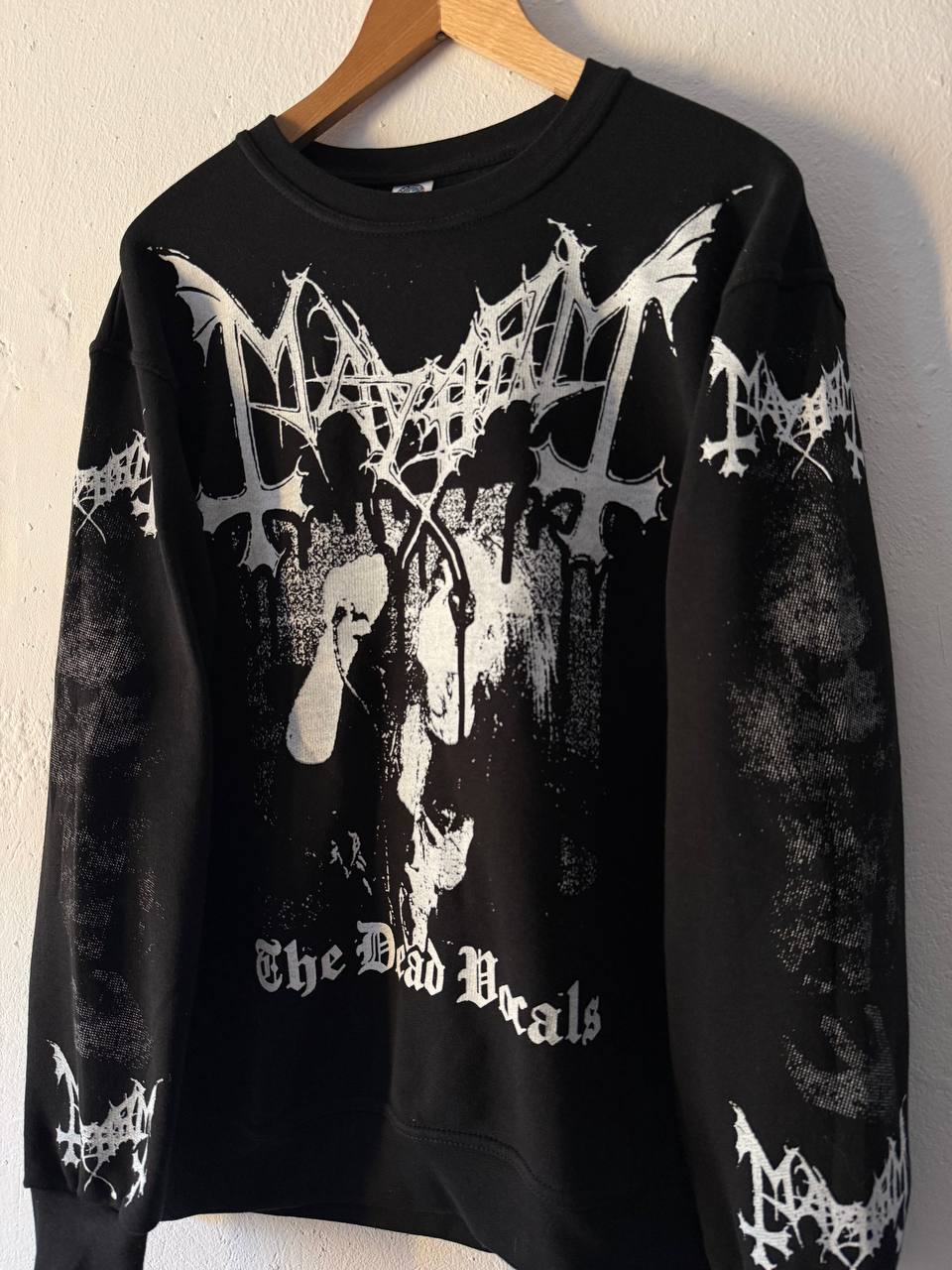 MAYHEM HOODIE TRIBUTE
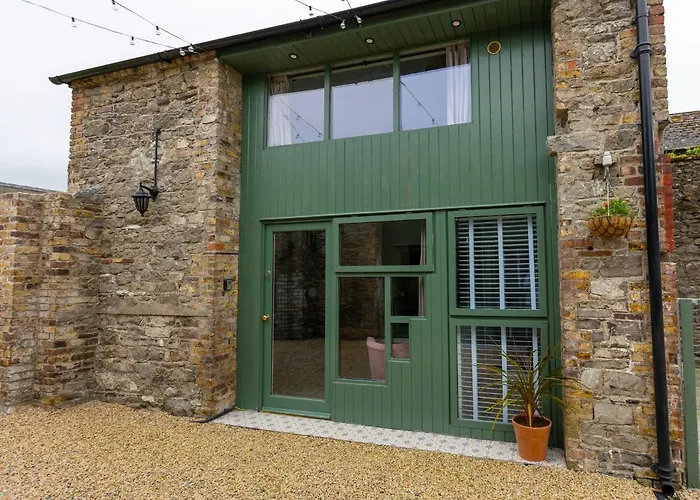 Stay Barrow Blueway - The Stables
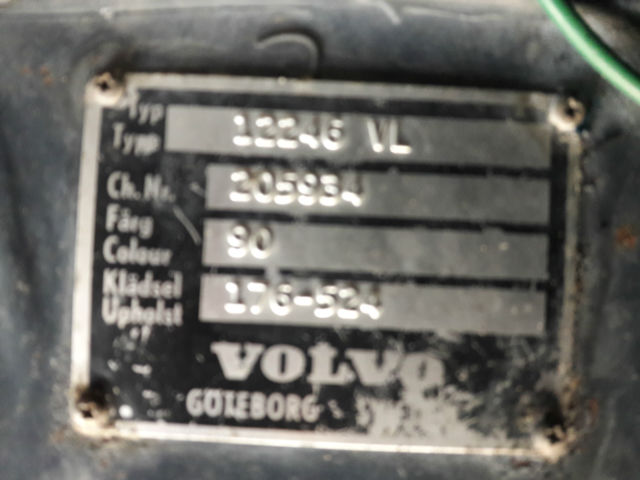 1966 Volvo Other 122S AMAZON - photo 12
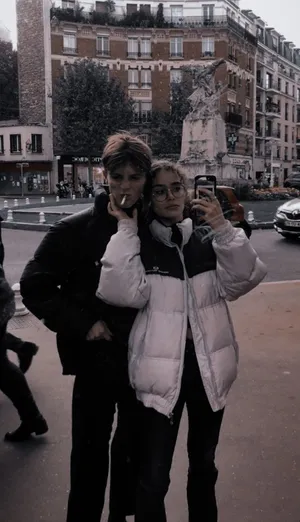 Loving Couple Spending Quality Time Together Wallpaper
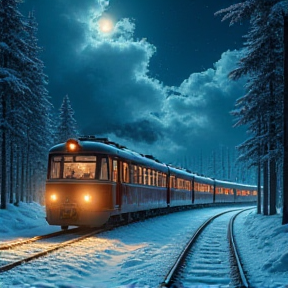 Polar express 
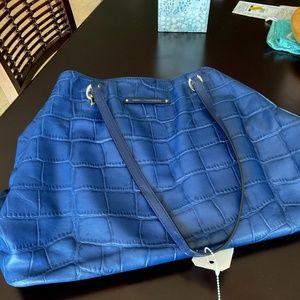 Diane von Furstenberg saddle bag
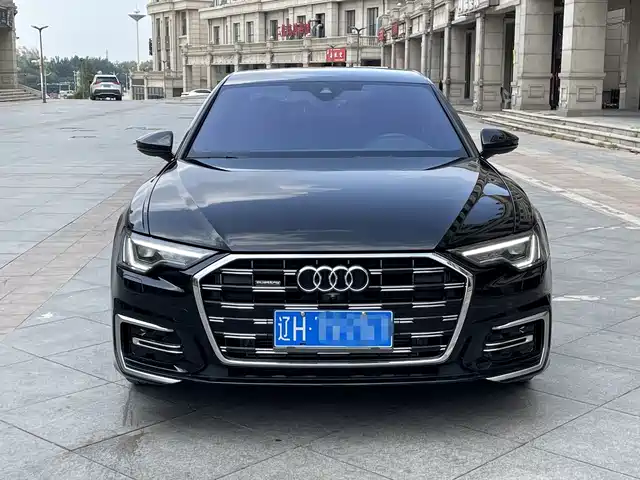 Audi Audi A6l Audi A6l 2024 45 Tfsi Quattro Premium Dynamic Model — фото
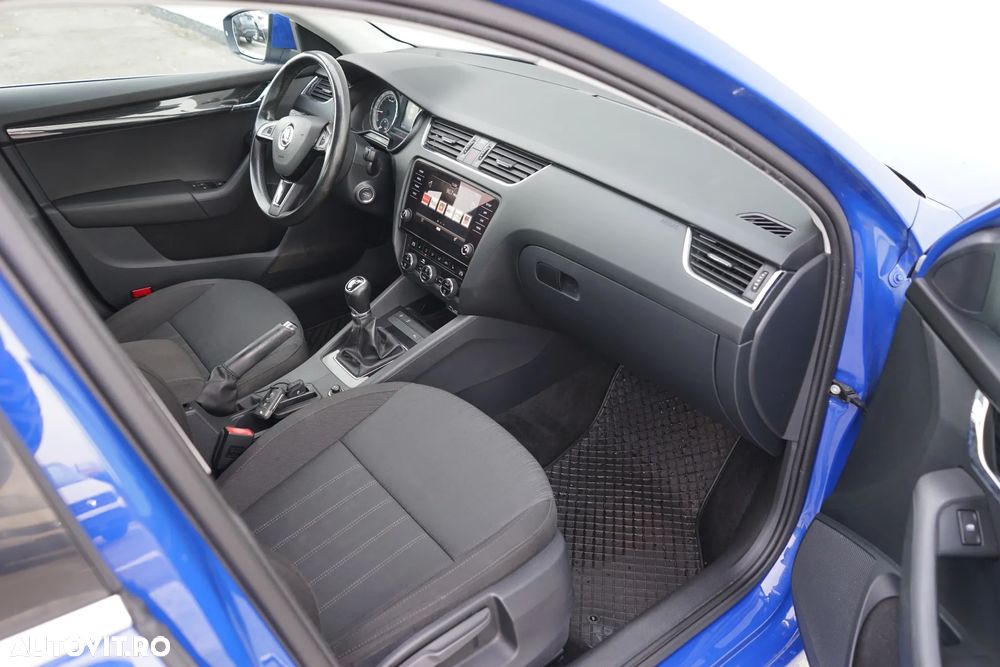 Skoda Octavia 1.6 TDI Style - 22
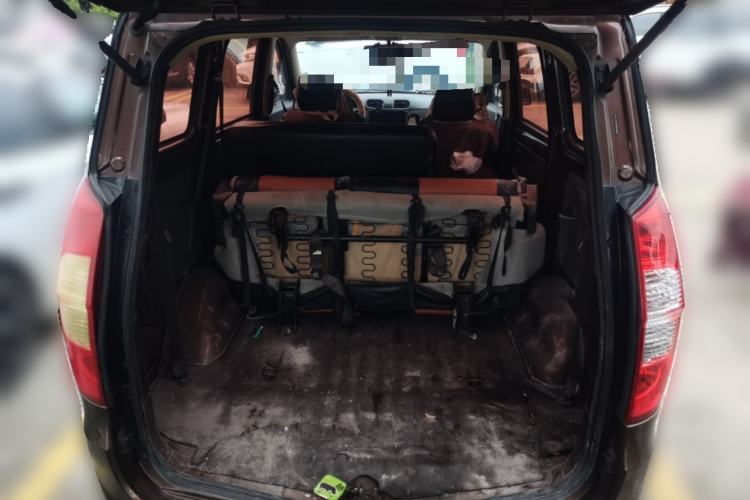 Used Wuling Hongguang 2015 1.2L S Base Model China V Standard Trunk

## Exercise aim
Leave out the pictures, then reproduce exactly the run of lines from the one that contains "Audi Audi A6l" to the final line of the listing above.

## Exercise solution
 Audi Audi A6l Audi A6l 2024 45 Tfsi Quattro Premium Dynamic Model — фото
 Skoda Octavia 1.6 TDI Style - 22
 Used Wuling Hongguang 2015 1.2L S Base Model China V Standard Trunk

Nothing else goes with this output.